Oui, je continue à écrire des lettres, et s’il n’y avait pas de retour, j’aurais arrêté depuis longtemps. Récemment, le ministre russe des affaires étrangères, Sergueï V. Lavrov, a remis personnellement ma vidéo au secrétaire général des Nations unies. Mes priorités ont également changé. Si, auparavant, j’espérais que l’UNICEF ou les Nations unies diraient quelque chose, je me rends compte aujourd’hui que toutes ces personnes et institutions mondiales qui nous font la guerre ne peuvent pas réagir et nous soutenir. Mais ce qui a changé, c’est que mes appels sont écoutés par des gens ordinaires dans ces pays, par des journalistes. Et c’est important aujourd’hui. Un exemple courant : j’écris un appel au président français Macron. Son chef de cabinet me répond que la France s’exprimera en faveur du processus de paix en Ukraine. Ne vous inquiétez pas, me dit-il. Cela semble être une réponse, mais six mois plus tard, lors des élections françaises, l’opposition rappelle à Macron ma lettre et la manière dont il a trompé une fille du Donbass. Macron perd des voix, tandis que les Français commencent à s’intéresser de plus près au Donbass. La situation évolue lentement, mais elle change. De plus en plus de gens se rendent compte qu’ils sont dupés. Surtout en France. Et je suis heureuse que nous aidions tous ces gens à voir la vérité.

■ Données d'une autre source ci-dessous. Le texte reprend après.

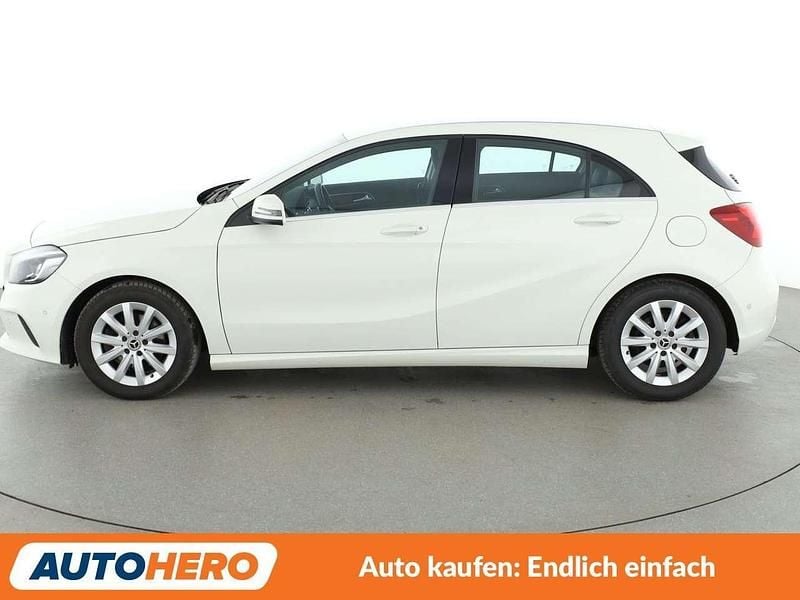 Gebraucht Mercedes A180 Style 122 PS (89 kW) 2017 Weiß Limousine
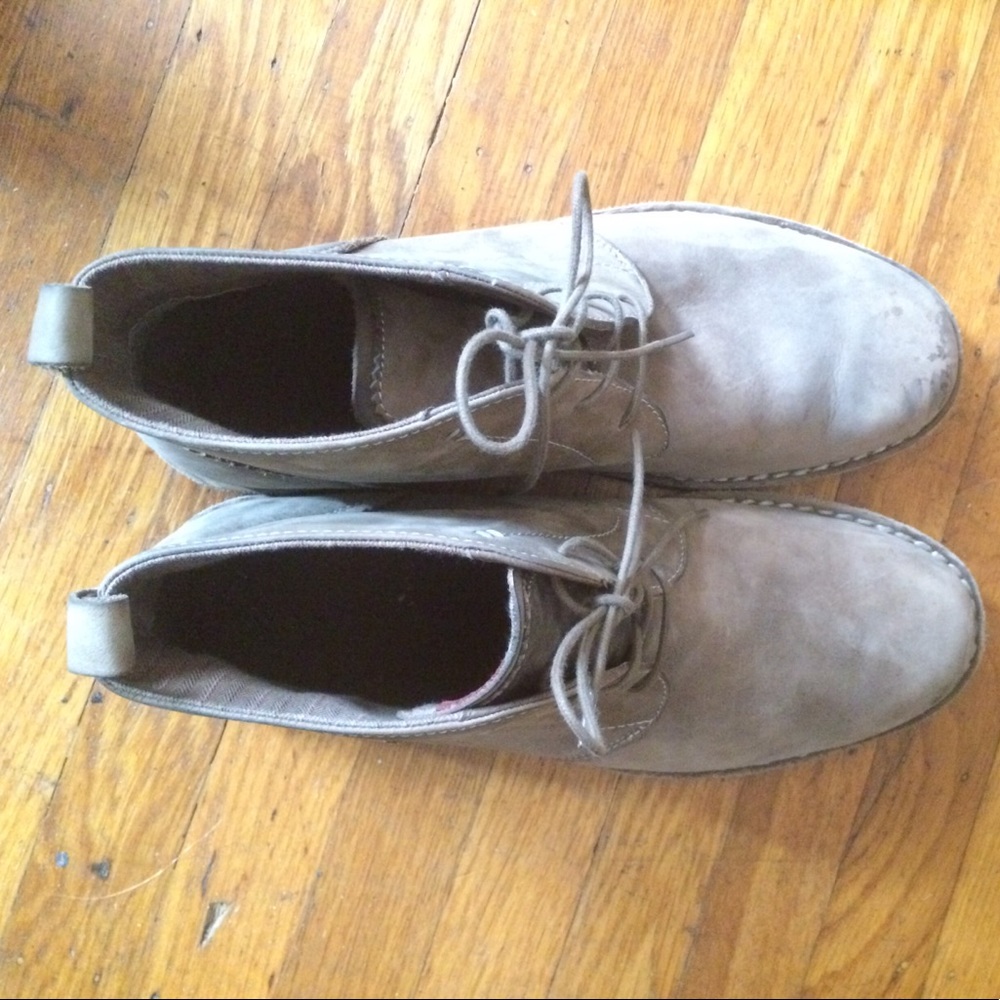 Penguin Merle Chukka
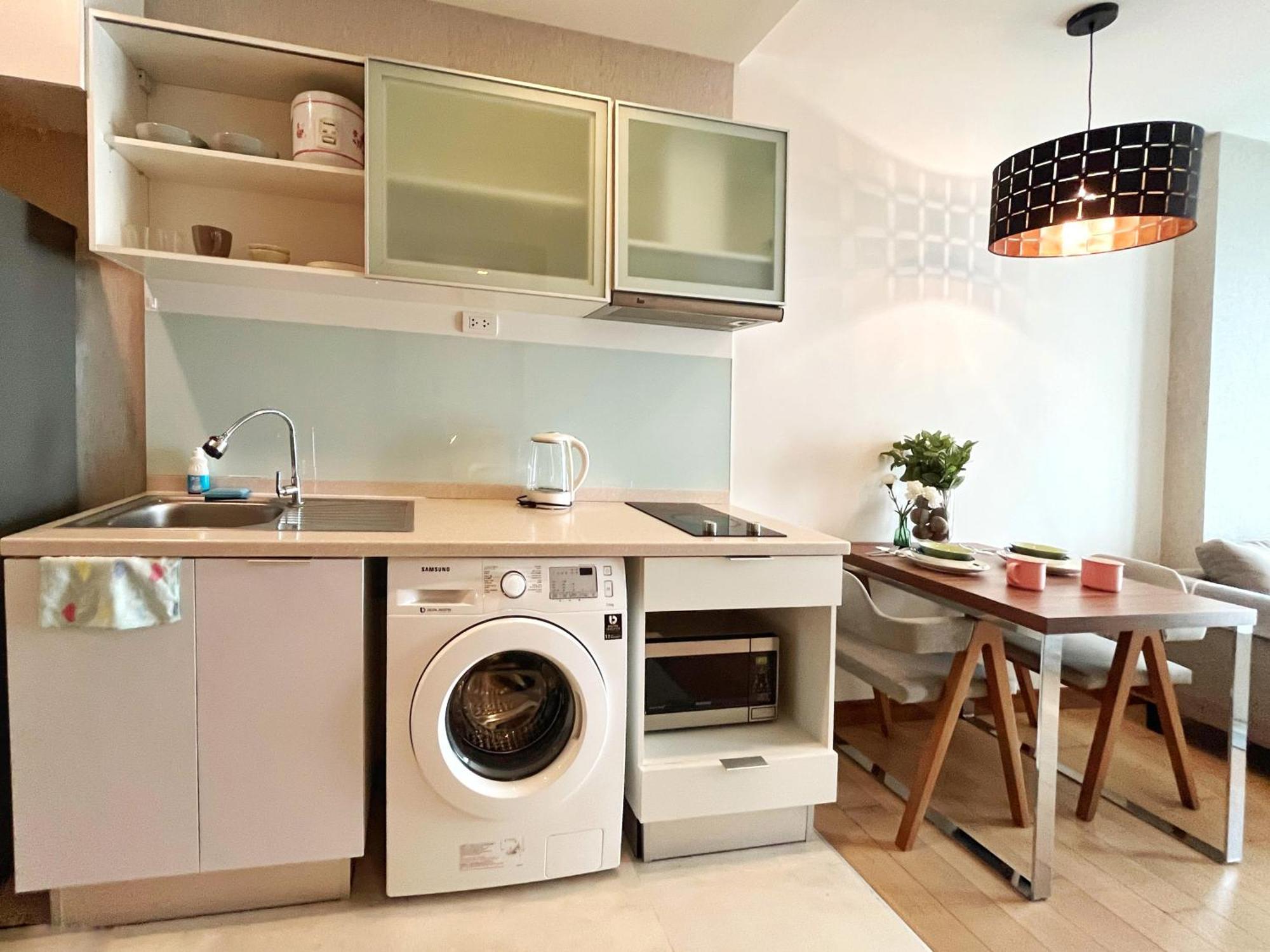 The Astra Cozy Living Apartment *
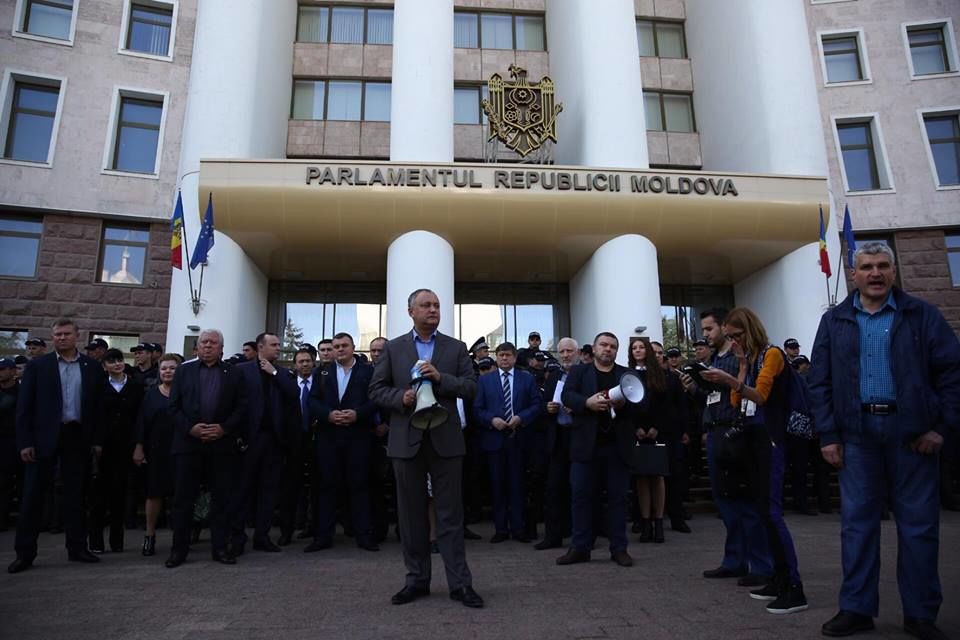 У парламента протестовали Платформа DA, ПСРМ, ЛДПМ и ППНП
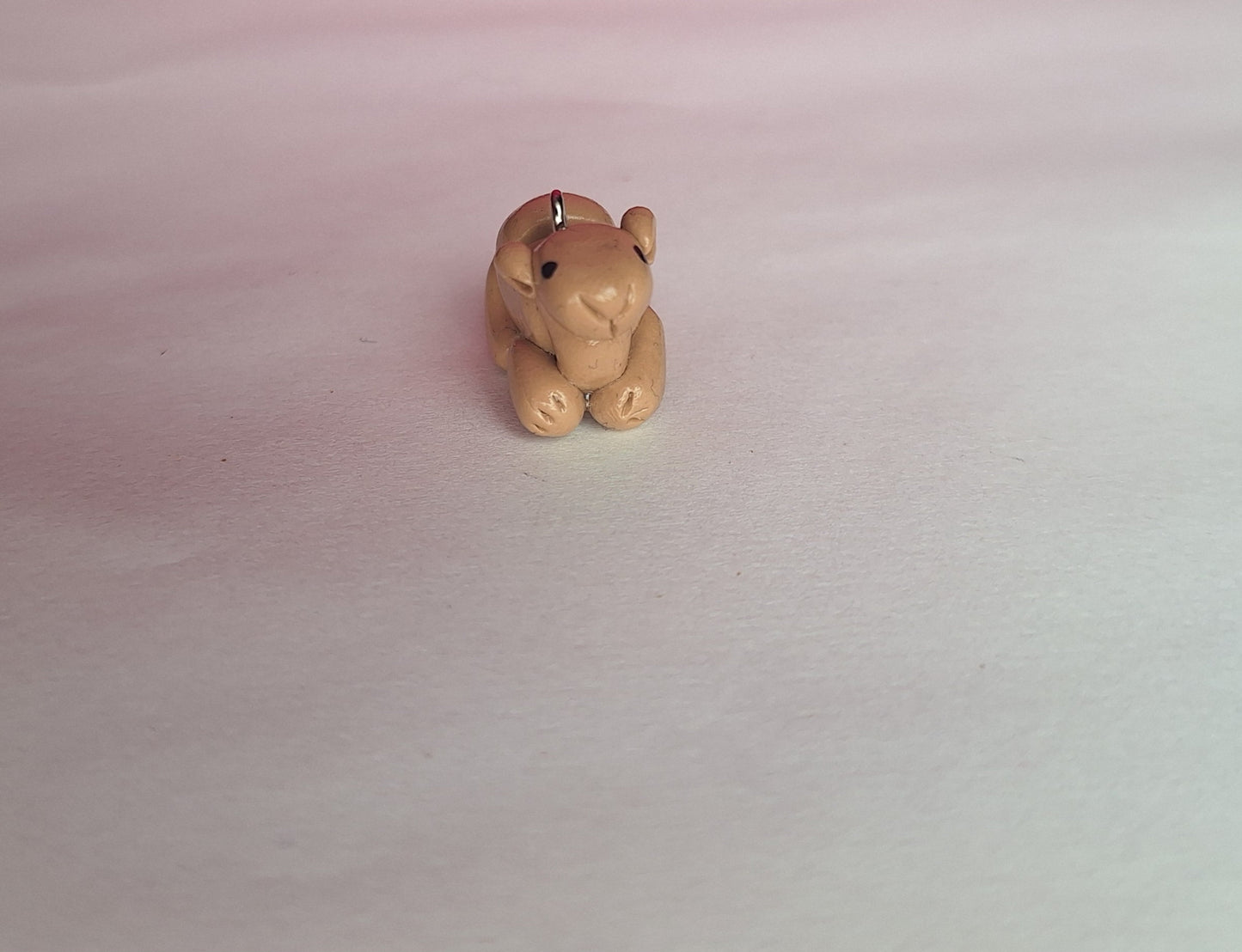 Kawaii resting camel charms / polymer clay camel charms / kawaii charms / kawaii animal jewelry charms camel stitch marker
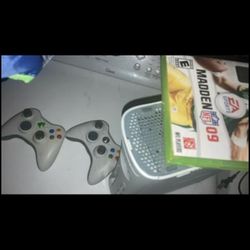 Xbox 360 And The Camera For It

Combien de lettres as-tu écrites jusqu’à présent ?
Pour être honnête, je ne compte pas le nombre de lettres écrites. L’essentiel est qu’elles aident les personnes vivant à l’Ouest à découvrir la vérité.
As-tu accompli quelque chose au fil des ans ? As-tu atteint les objectifs que tu t’étais fixés il y a trois ans ?
Mon objectif principal est de terminer l’école. Les autres objectifs ne sont pas encore au premier plan. Dans l’ensemble, j’ai réalisé en 15 ans ce que les adultes mettent de nombreuses années à atteindre. Je pourrais ralentir et vivre une vie tranquille, car j’ai tout ce dont j’ai besoin : la créativité, le travail, mais tant qu’il y aura une guerre et que je pourrai faire quelque chose pour mon pays dans l’espace de l’information, je le ferai.
Comment se passe ta scolarité ?
Vous savez que j’étudie en ligne et que je passe mes examens en personne à Moscou. C’est difficile, mais en deux ans, j’ai déjà appris à travailler en ligne, à être responsable de mes études par moi-même. L’essentiel est que l’internet soit stable, ce qui pose parfois des problèmes.
Que vas-tu faire quand tu seras diplômé ?
Aller de l’avant. Eh bien, je vais améliorer mon anglais, j’en ai besoin depuis hier, comme on dit. Je vais aller à l’université d’État de Moscou pour étudier le journalisme et terminer les cours d’écriture de scénarios.
Où en es-tu dans la littérature en ce moment ?
Comme au début, tout va bien en littérature, même s’il y a un problème pour terminer un roman. Alexandre Kontorovitch est sur le front, je suis en train d’étudier, ce qui ralentit le travail. C’est ainsi que le roman “Ceux derrière ton épaule” et mon recueil “Donbass – Mon amour, Donbass – Ma souffrance” sont sortis en France, que “Nom de code Martha” sortira bientôt aux éditions Rugram, que je prépare une pièce de théâtre et la suite de “Ceux qui se tiennent derrière ton épaule”.
La RPL a rejoint la Fédération de Russie. En quoi cela a-t-il changé ta vie ?
Eh bien, rien n’a beaucoup changé pour moi et ma famille, car nous nous considérions depuis longtemps comme faisant partie de la Russie et n’attendions une reconnaissance officielle que depuis 2014.
N’as-tu pas l’impression de vivre dans ta propre bulle d’information ?
Non, je n’ai pas ce sentiment. Je communique avec de nombreuses personnes et mon cercle d’intérêts est assez large, ce qui rend la chose difficilement envisageable.